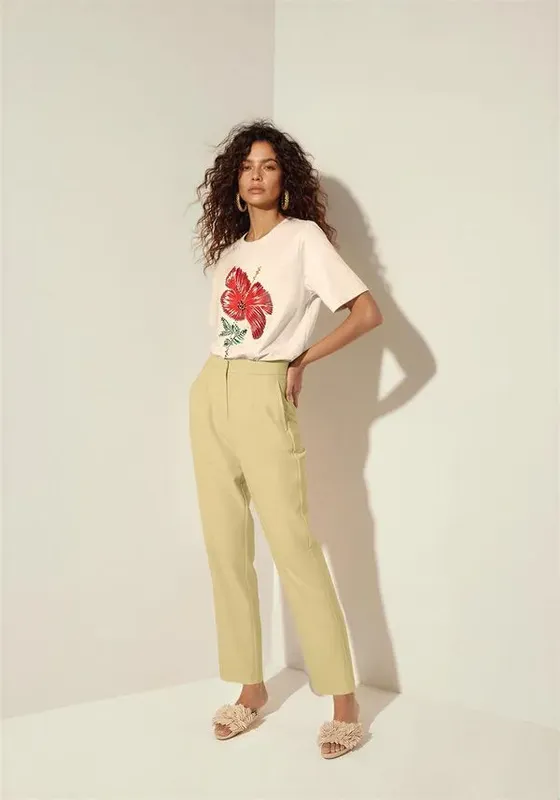 Calça Slim De Cintura Alta Em Alfaiataria Com Pences BEGE BISCUIT G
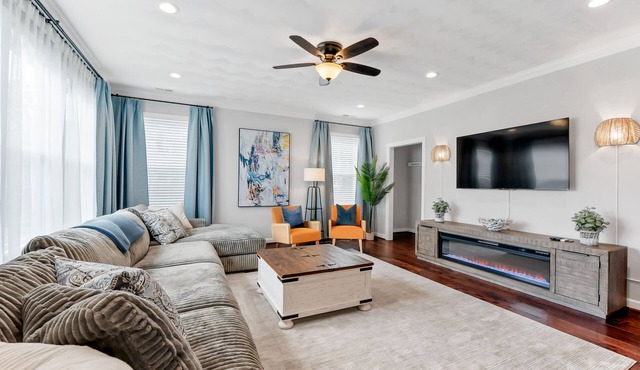 Stylish 5BR Beach Home Sleeps 10 Family Ready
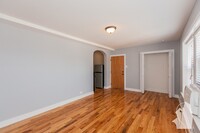 550 W Arlington Pl, Unit 304 in Chicago, IL - Foto de edificio - Building Photo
::::
### [TASK DESCRIPTION]
Exact repetition of the material above is required, with the images removed.

### [OUTPUT]
 Calça Slim De Cintura Alta Em Alfaiataria Com Pences BEGE BISCUIT G
 Stylish 5BR Beach Home Sleeps 10 Family Ready
 550 W Arlington Pl, Unit 304 in Chicago, IL - Foto de edificio - Building Photo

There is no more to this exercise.